In 1893, Bertha Lamme was the first woman to graduate from Ohio State with a degree in mechanical engineering, and one of the first in the country.
Her contributions in the field and inspiration caused a ripple effect across the future generations of women in engineering that can still be seen today at Ohio State and across the country.
By 2018, women studying engineering at the university numbered 1,889, nearly a quarter of the total undergraduate enrollment and a 27 percent increase from just five years earlier.
What has made engineering more attractive to women? Lisa Barclay, senior director of diversity, outreach and inclusion for the College of Engineering, cites several factors.“Targeted efforts to recruit, retain and graduate women in engineering have been in place since the mid-1970s at Ohio State,” Barclay says. A college publication declared at the time: “Whether they are now liberated or just after good-paying jobs, more women are becoming engineers.
The Women in Engineering Program, started in 1979, has played a role in the increase. The program offers opportunities for learning and professional development and reaches beyond the university to connect students with practicing engineers. Barclay also notes that beginning in the early 2000s Ohio State hired more staff members to focus on recruiting and retaining women and minorities in engineering. In addition, the number of female faculty members in the college has increased over the last five years.
More than 125 years ago, Bertha Lamme specialized in the emerging field of electrical engineering. Many women today study biomedical engineering, which boasted nearly 39 percent female enrollment in 2018, and chemical engineering, with more than 33 percent female enrollment.
“Biomedical engineering undergraduates have told me they’re attracted to the idea of working in an industry that helps improve lives,” Barclay says. “Chemical engineering students talk about the flexibility and breadth of research and job possibilities.”
Such possibilities were considerably more limited in Lamme’s time.

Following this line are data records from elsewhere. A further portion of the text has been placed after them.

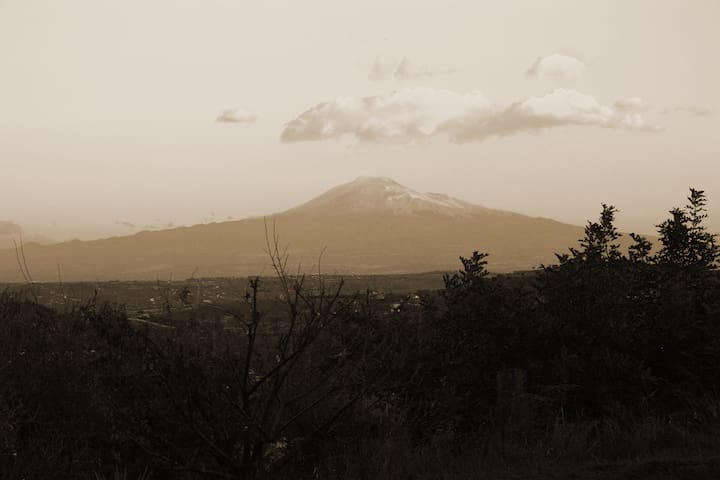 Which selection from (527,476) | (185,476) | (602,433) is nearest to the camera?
(527,476)

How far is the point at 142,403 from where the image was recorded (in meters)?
7.77

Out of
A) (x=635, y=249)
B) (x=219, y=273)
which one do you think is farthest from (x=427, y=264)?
(x=635, y=249)

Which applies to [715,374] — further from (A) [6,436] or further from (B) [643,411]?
(A) [6,436]

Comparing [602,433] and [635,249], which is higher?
[635,249]

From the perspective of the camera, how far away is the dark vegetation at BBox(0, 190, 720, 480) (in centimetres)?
593

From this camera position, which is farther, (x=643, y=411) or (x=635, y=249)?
(x=635, y=249)

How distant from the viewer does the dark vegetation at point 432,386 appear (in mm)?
5934

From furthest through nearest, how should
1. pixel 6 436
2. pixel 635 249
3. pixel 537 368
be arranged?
pixel 635 249 → pixel 537 368 → pixel 6 436

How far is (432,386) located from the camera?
881cm

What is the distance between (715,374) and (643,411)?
1.36 metres

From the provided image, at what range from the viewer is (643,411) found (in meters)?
8.24

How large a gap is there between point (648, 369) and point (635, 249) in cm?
380

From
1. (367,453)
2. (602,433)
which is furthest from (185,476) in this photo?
(602,433)

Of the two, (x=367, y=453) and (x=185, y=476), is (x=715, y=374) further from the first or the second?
(x=185, y=476)
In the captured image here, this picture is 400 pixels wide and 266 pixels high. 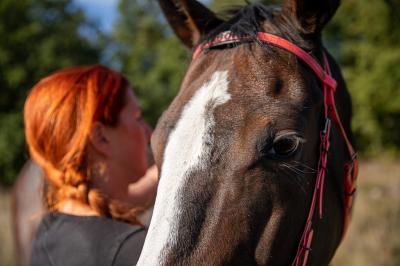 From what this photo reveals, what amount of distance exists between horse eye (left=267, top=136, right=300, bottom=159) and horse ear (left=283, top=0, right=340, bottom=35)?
560mm

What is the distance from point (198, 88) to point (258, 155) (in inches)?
15.8

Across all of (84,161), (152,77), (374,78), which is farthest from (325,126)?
(152,77)

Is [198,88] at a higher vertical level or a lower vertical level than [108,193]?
higher

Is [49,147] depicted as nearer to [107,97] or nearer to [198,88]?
[107,97]

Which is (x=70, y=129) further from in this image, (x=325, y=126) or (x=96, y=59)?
(x=96, y=59)

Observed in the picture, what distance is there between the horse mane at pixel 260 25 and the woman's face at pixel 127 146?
0.65 metres

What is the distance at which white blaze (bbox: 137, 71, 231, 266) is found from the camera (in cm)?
145

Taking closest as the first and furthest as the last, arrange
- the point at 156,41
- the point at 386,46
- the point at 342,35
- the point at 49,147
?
the point at 49,147, the point at 386,46, the point at 342,35, the point at 156,41

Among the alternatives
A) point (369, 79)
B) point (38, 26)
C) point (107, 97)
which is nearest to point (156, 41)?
point (38, 26)

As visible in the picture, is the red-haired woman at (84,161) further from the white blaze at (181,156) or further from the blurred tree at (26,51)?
the blurred tree at (26,51)

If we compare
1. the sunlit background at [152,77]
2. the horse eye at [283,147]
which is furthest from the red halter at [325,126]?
the sunlit background at [152,77]

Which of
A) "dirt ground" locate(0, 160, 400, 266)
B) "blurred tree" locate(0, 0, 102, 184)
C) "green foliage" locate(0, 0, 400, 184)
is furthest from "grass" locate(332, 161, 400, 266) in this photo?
"blurred tree" locate(0, 0, 102, 184)

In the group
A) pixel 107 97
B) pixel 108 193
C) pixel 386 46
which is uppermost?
pixel 107 97

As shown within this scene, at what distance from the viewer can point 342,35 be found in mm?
23797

Historian Guenter Holzer wrote that she lived “in the twilight zone when women were invited to compete with men on the basis of their intellect, skills, and professional training, at least until they would marry.”
Indeed, after graduating Lamme embarked on a successful but short career at Westinghouse. She performed calculations for major projects including the system that powered the 1893 World Columbian Exposition in Chicago. “That such a demanding task would be given to a mathematician as young and inexperienced as Bertha Lamme is astounding,” wrote historian Joseph Cunningham.
In 1905, when she married co-worker Russell Feicht, also an Ohio State graduate, Lamme retired from her job after just 12 years.
According to news reports at the time, Lamme’s “effort as a woman electrical engineer . . . inspired women throughout the United States,” Holzer wrote. “She was a pioneer.”
Bertha Lamme passed away in 1943. Her legacy lives on in generations of bright and ambitious women.